(Material for this exercise)
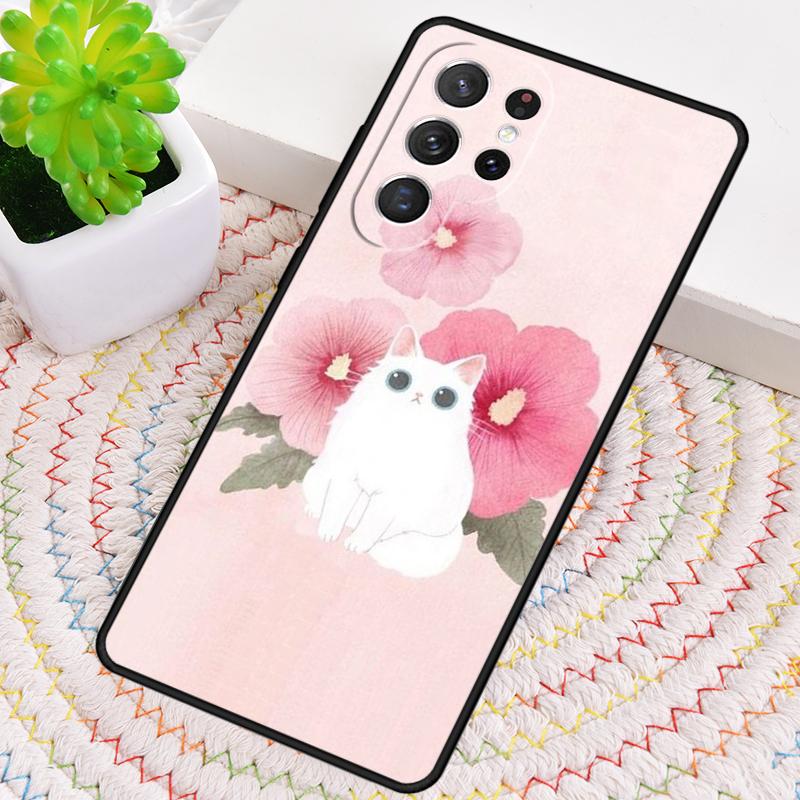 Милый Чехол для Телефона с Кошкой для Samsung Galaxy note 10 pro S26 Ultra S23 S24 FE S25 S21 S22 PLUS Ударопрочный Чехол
(End Material for this exercise)
(Material for this exercise)
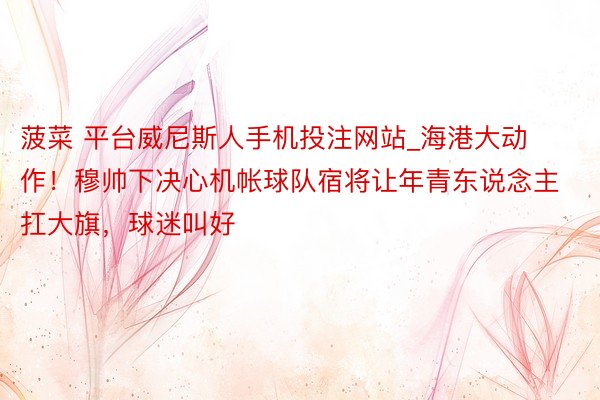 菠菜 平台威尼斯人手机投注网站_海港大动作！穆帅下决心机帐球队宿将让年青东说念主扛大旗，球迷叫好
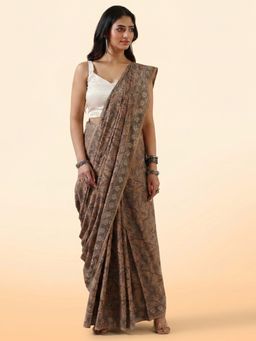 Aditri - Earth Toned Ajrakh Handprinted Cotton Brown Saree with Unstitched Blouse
(End Material for this exercise)
__Exercise brief__. Out of the records above, set down only the lines from the one that contains "菠菜 平台威尼斯人手机投注网" through the one that contains "Aditri - Earth", unchanged and without the pictures.

__Solution below__.
 菠菜 平台威尼斯人手机投注网站_海港大动作！穆帅下决心机帐球队宿将让年青东说念主扛大旗，球迷叫好
 Aditri - Earth Toned Ajrakh Handprinted Cotton Brown Saree with Unstitched Blouse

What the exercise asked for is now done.